During Jordan’s second appearance on Late Night with David Letterman,
Letterman ended the interview by stating that the book isn't really about dishwashing, it's about the people Jordan meets on his quest. After having read the book, however, it seems to me that it IS about washing dishes, and why not? Jordan's book is full of anecdotes that are directly related to the experience of washing dishes professionally. Jordan expounds on proper techniques, on his rituals for working a shift, on the costs and benefits of doing such work. Furthermore, Jordan occasionally discusses famous entertainers and politicians who once worked as dishwashers, historic anecdotes that involve ‘dish-dogs’, and labour statistics that pertain to the profession.

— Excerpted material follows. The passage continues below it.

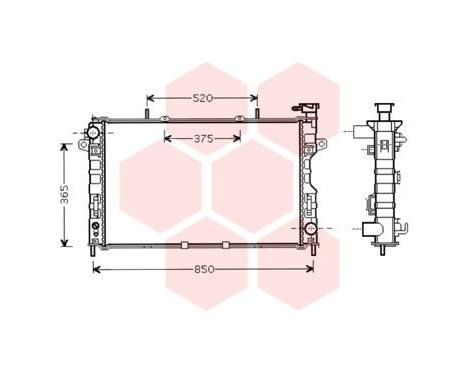 Radiator, engine cooling 07002117 International Radiators, Image 2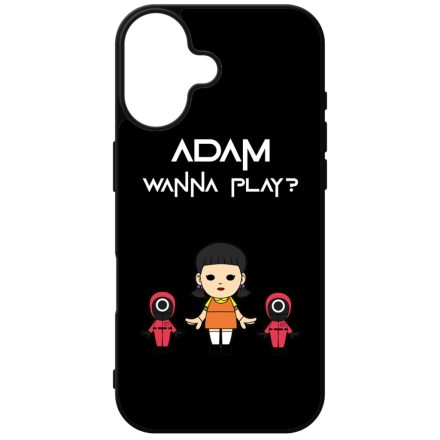 Squid Game akarsz jatszani Kerd a neveddel iPhone szilikon tok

Pete's story is of a traveler who worked cheap, traveled cheap, lived cheap. He found dishwashing to be his calling because it kept him from dealing with irritating restaurant customers, plus it provided him with free food, and it was easy work to find. Pete could easily collect his gear together and move on, expecting to find a new place to work in a new town. Dishwashing was an easy job to abruptly walk out on, and he did so often, which was easy for him since he had few responsibilities in his life. Jordan’s perpetual traveling across America recalls Kerouac’s On the Road, although Jordan is as much a transient labourer as he is an adventure directed by wanderlust. Jordan’s story of low status labour also recalls Charles Bukowski’s novel, Post Office, in which the caustic poet recalled events of his life as an employee of the United States Postal Service. While both Post Office and Dishwasher are written in simple prose styles, Jordan’s attitude is far more upbeat than Bukowski’s perpetually grim view of the world. The Bukowski connection to Dishwasher is quite strong, as Jordan notes that the poet was once a dishwasher, himself, and the elder writer’s feelings on the profession are quoted by Jordan.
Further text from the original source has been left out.